[[ Exercise data open ]]

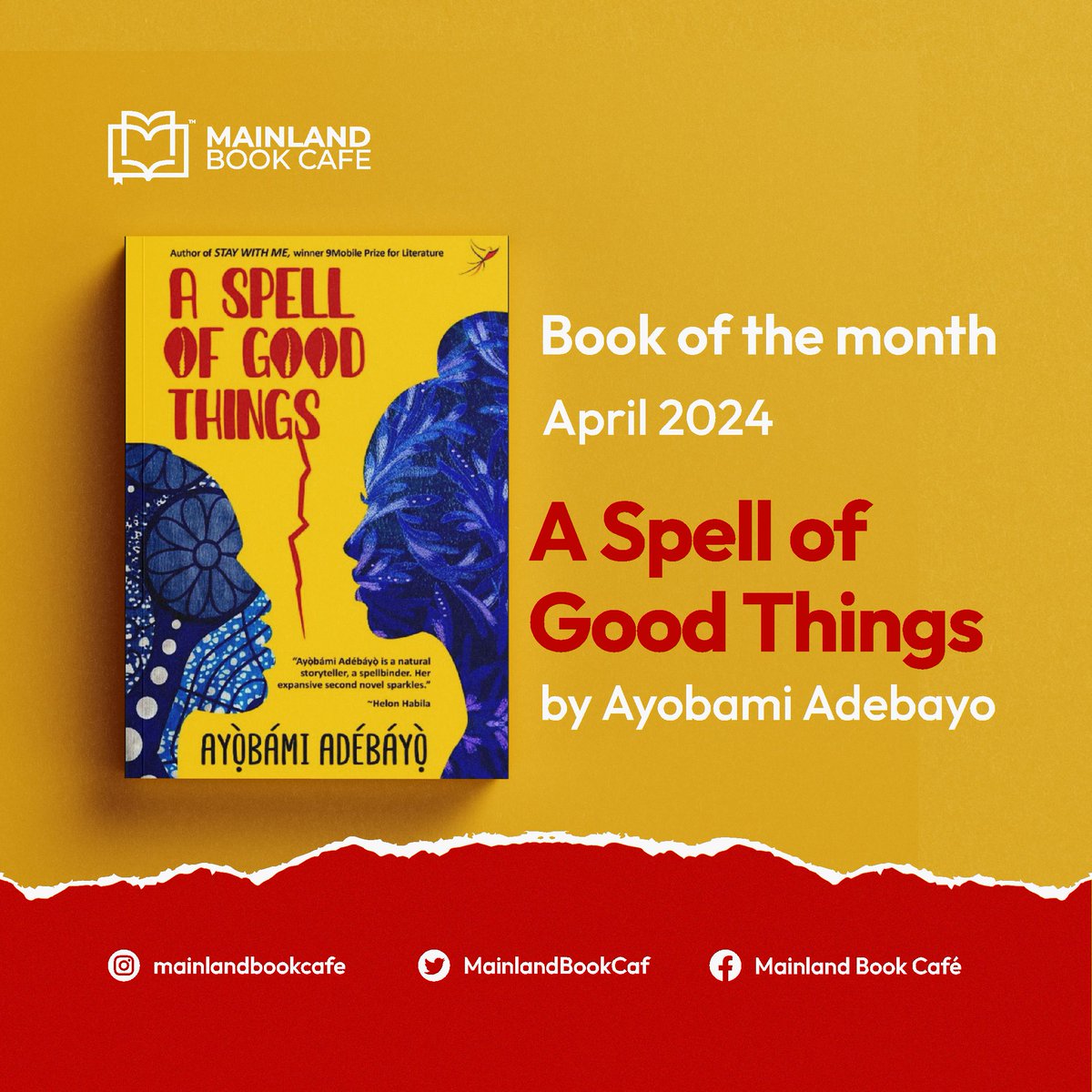 Book of the month

*A Spell of Good Things*

by Ayobami Adebayọ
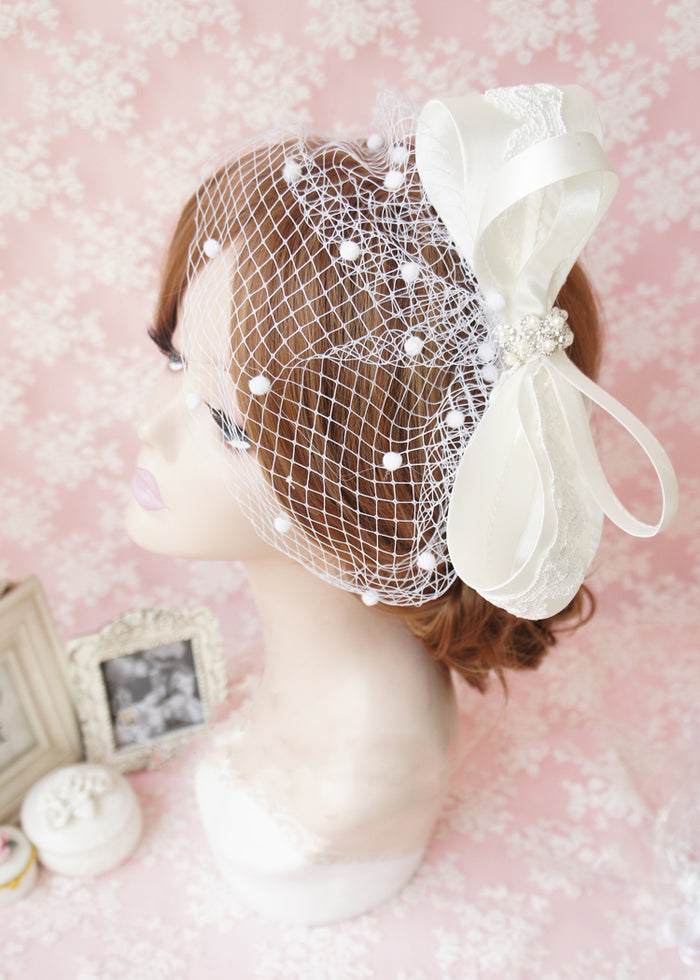 Bridal Birdcage Veil – Sissily Designs display picture 1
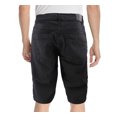 thumbnail image 2 of Men's Faded Wash Distressed Fringe Skinny Slim Fit Jean Stretch Denim Shorts (7007 Jet Black, 40), 2 of 3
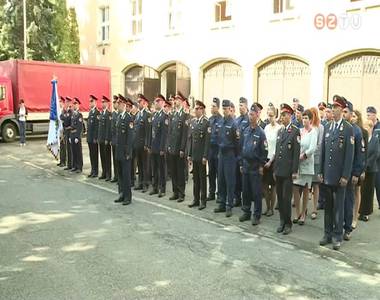 Flórián-napi ünnepség a tűzoltóknál Flórián-napi ünnepség a tűzoltóknál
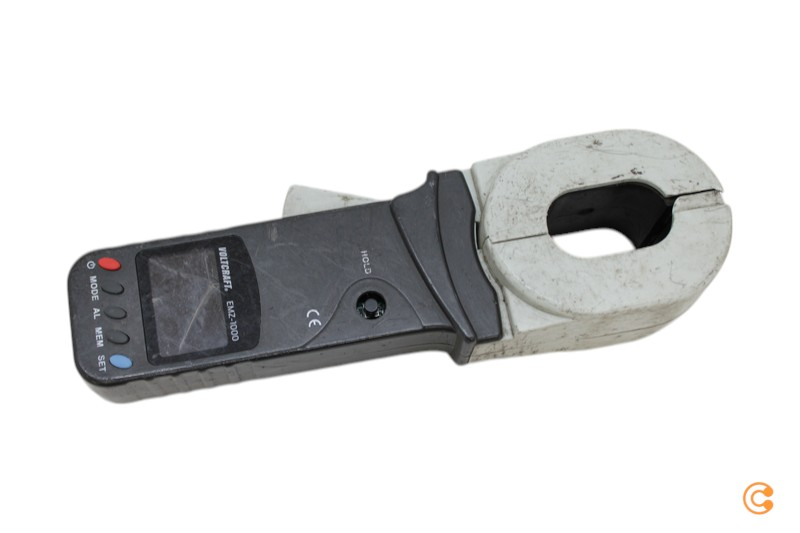 B-Ware Voltcraft Emz 1000 Erdungsmessgerät Zange Widerstandsmessgerät Siehe Text/Foto
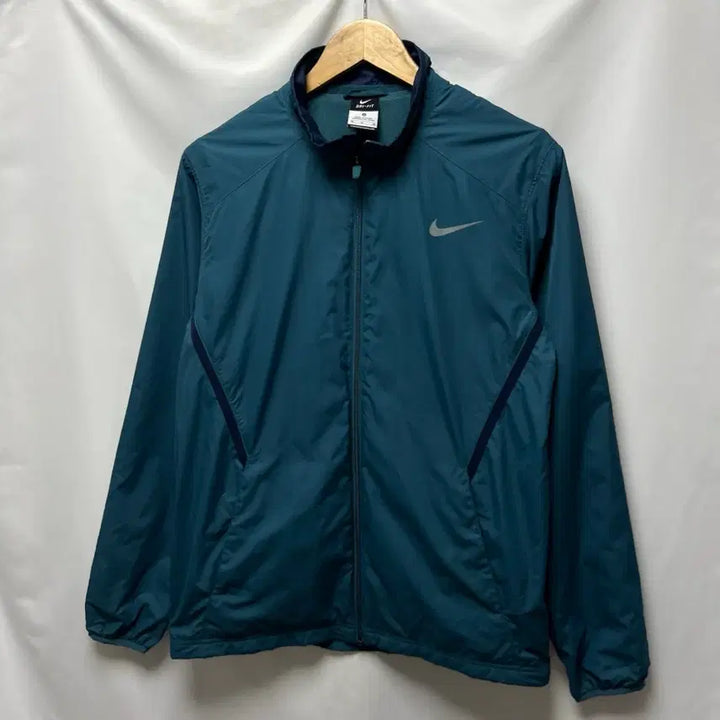 [BUNJANG] Nike Swoosh Dri-FIT Running Windbreaker Blue - Size M / [정품/M] 나이키 스우시 드라이핏 런닝 청색 바람막이
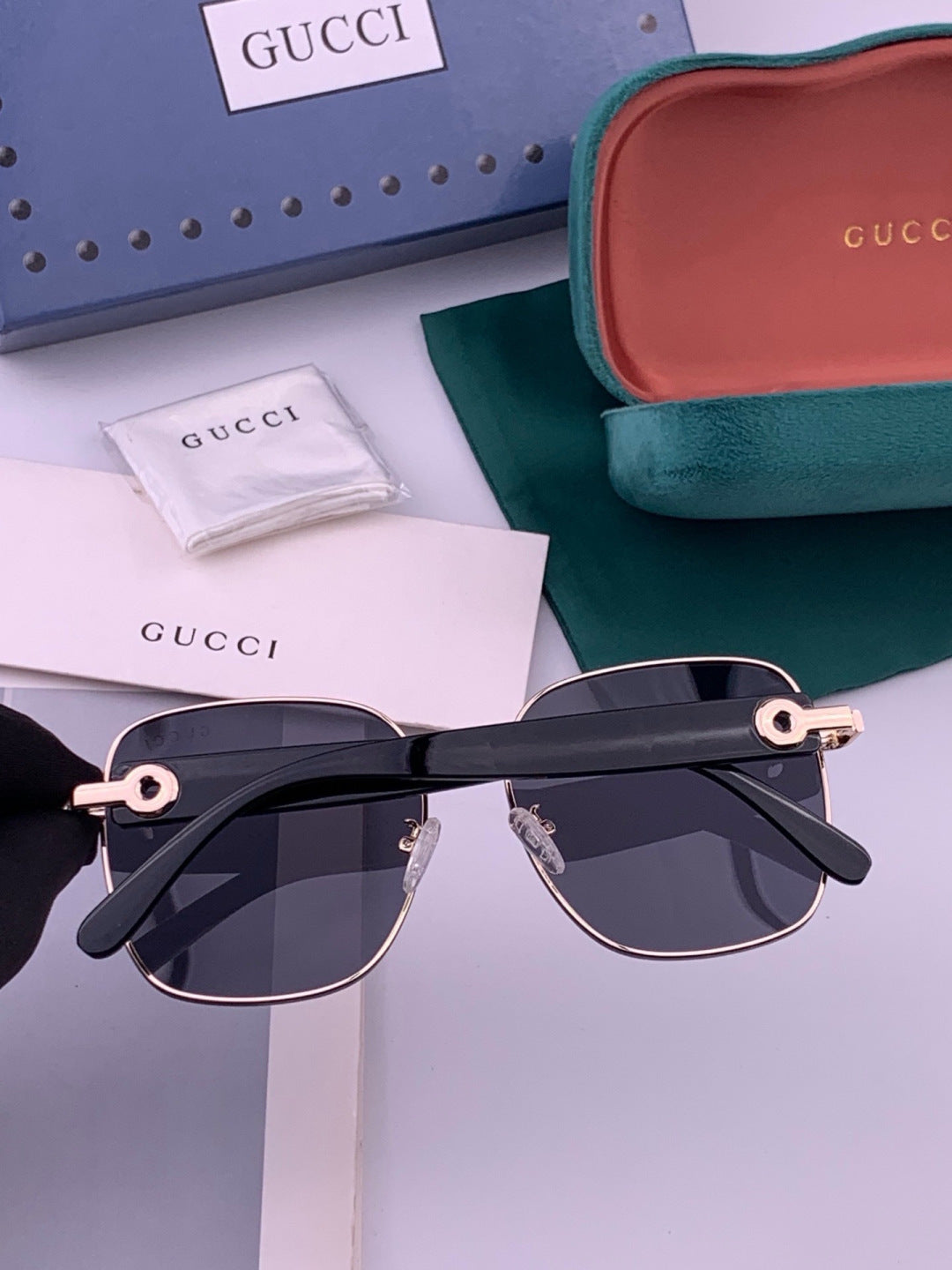 Gucci G9388 Round Gold Lens Sunglasses for Men & Women - 493328 - detail image 6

[[ Exercise data closed ]]

--- Work request ---
Write out exactly the lines from the one that contains "B-Ware Voltcraft Emz" through the last line of the data above, both included. Leave every picture out.

--- Result of the task ---
 B-Ware Voltcraft Emz 1000 Erdungsmessgerät Zange Widerstandsmessgerät Siehe Text/Foto
 [BUNJANG] Nike Swoosh Dri-FIT Running Windbreaker Blue - Size M / [정품/M] 나이키 스우시 드라이핏 런닝 청색 바람막이
 Gucci G9388 Round Gold Lens Sunglasses for Men & Women - 493328 - detail image 6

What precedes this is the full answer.